<div style="background-color:#3c7852; display:block; padding:10px;"><h1 style="color:#fff">Multiclass Text Classification using Tf.Hub</h1></div>
<div style="padding:3px;">&nbsp;</div>

## What is Transfer Learning?

Transfer learning is a process of using pre-trained model on similar type of data(text, images). TensorFlow has a framework to leverage the pre-trained model network and components in a new model to get trained and receive more knowledge about the data. 

## Dataset

In this kernel we are going to explore a problem on multiclass text classification with Deep Learning model. If the target or response variable contains more than one class label then the data is considered as multinomial or multiclass dataset. 


The dataset is a collection of various consumer complaints about finance products and services sent to companies for response. 

## Key Variables

In this dataset,  `Issue` is a textual description field which conveys the complaints about the finance product and service. The `product` is a target variable which will be classified based on the consumer issue description. 


<div style="background-color:#e0d52f; display:block; padding:10px;margin-botton:4px;"><h2 style="color:#000">Table of content</h2></div>
<div style="padding:3px;">&nbsp;</div>

* [Load and extract dataset](#load_data)
* [Split Train/Holdout and Dev Set](#split_data)
* [Handling Imbalanced Data](#compute_weights)
* [Data to Tensors](#data_to_tensor)
* [Target Encoding](#target_encoding)
* [Transfer Learning](#transfer_learning)
* [Train Model](#train_model)
* [Predict Data](#predict_data)


## Import Libraries

In [None]:
import numpy as np # linear algebra
import pandas as pd # data processing, CSV file I/O (e.g. pd.read_csv)
import matplotlib.pyplot as plt
import seaborn as sns

# Tensorflow packages
import tensorflow as tf
from tensorflow import keras
import tensorflow_hub as hub

# SKlearn packages
from sklearn.model_selection import train_test_split
from sklearn.utils import shuffle, class_weight

import warnings
warnings.filterwarnings('ignore')

# setting max width option
pd.set_option('display.max_colwidth', -1)
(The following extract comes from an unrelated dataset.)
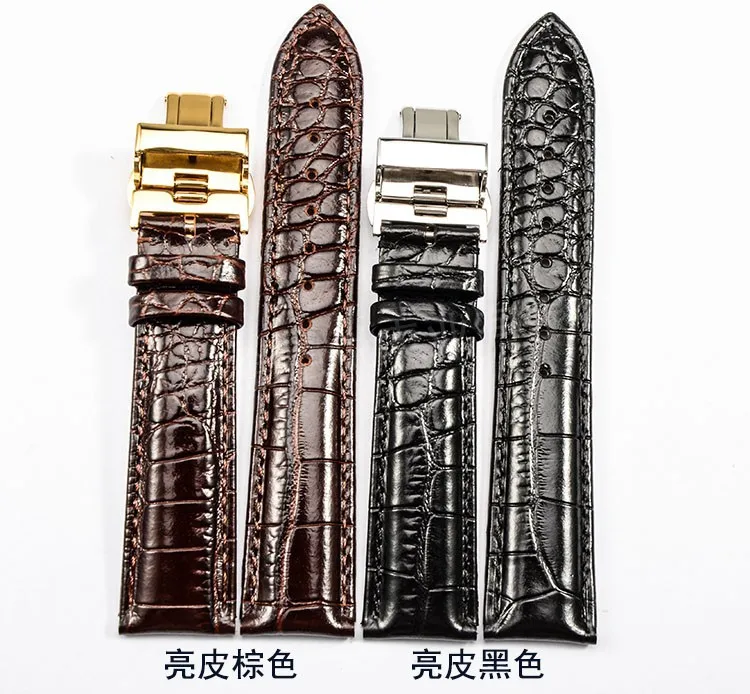 3587394903_1456910487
# Input data files are available in the read-only "../input/" directory
# For example, running this (by clicking run or pressing Shift+Enter) will list all files under the input directory

import os

def dir_watch(dirname):
    for dirname, _, filenames in os.walk(dirname):
        for filename in filenames:
            print(os.path.join(dirname, filename))

# input dir
dir_watch('/kaggle/input/')
        

<a id="load_data"></a>

## Load and Extract Data

In [None]:
# Load the dataset from csv file
cfpb_data = pd.read_csv('/kaggle/input/us-consumer-finance-complaints/consumer_complaints.csv')

In [None]:
cfpb_data.isnull().sum()

## Extract Data

We will extract notnull values of consumer complaint narrative records for the training. 

In [None]:
non_na_complaints = np.where(~cfpb_data['consumer_complaint_narrative'].isna())

In [None]:
len(non_na_complaints[0])

In [None]:
cfpb_extract = cfpb_data.loc[non_na_complaints]

# Reset the index
cfpb_extract.reset_index(inplace=True)

In [None]:
cfpb_extract.info()

In [None]:
# Interested fields
key_cols = ['product', 'consumer_complaint_narrative']
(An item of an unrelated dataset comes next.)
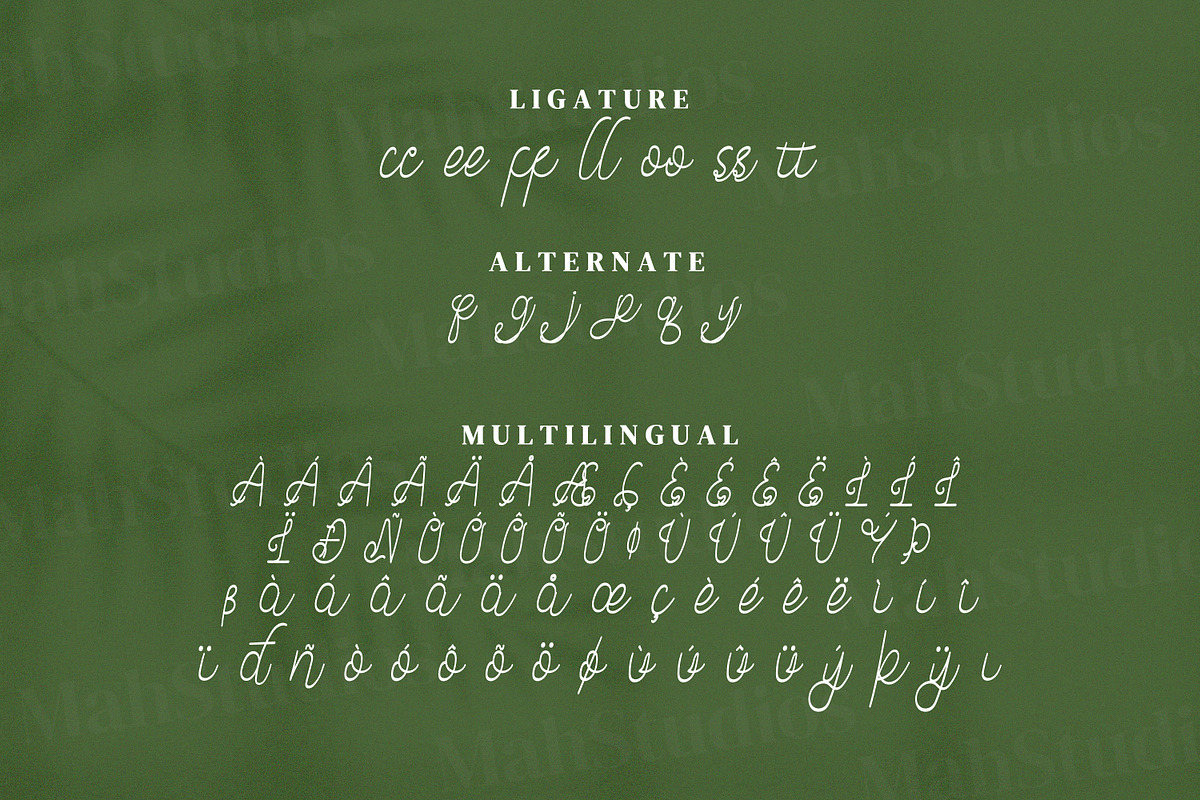 Abjoccy Script Fonts, a Script Font by mahstudios (Photo 13 of 14)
cfpb_extract[key_cols][:3]

In [None]:
cfpb_extract['product'].value_counts()

In [None]:
# Plot the target variable
cfpb_extract['product'].value_counts().plot(kind='bar')

<a id="split_data"></a>


## Split the dataset

### Train, Holdout and Dev Split
The dataset will be splited into 3 portions as 60/20/20 ratio. One for train the model, one for validation(holdout) and one for test(dev) the model.

In [None]:
# Train and test data will be taken as 80/20 ratio
X_train_full, X_test_full = train_test_split(cfpb_extract[key_cols], test_size=0.2, random_state=111)

# Split the train data into further as 60/20 ratio
X_train, X_valid = train_test_split(X_train_full, test_size=0.2, random_state=111)

In [None]:
print(f"Shape of X_train: {X_train.shape}, X_valid: {X_valid.shape}" )

<a id="compute_weights"></a>
## Handling imbalanced class data

One of the key techniques to handle imbalanced class data is, **computing the class weights**. We can compute the class weights. The weightage of the class is given based on the number of samples available in the dataset. We will use the `sklearn.utils.class_weight` modules `compute_class_weight` method to calculate the weights of the class.

The higher sample classes will have lesser weight and lower sampled classes will have higher weights. 

In [None]:
class_weights = list(class_weight.compute_class_weight('balanced',
                                                      np.unique(cfpb_extract['product']),
                                                      cfpb_extract['product']))


class_weights

In [None]:
# Converting list to dictionary object
weights = {}

for inx, weight in enumerate(class_weights):
    weights[inx] = weight

In [None]:
X_train['consumer_complaint_narrative'][:2]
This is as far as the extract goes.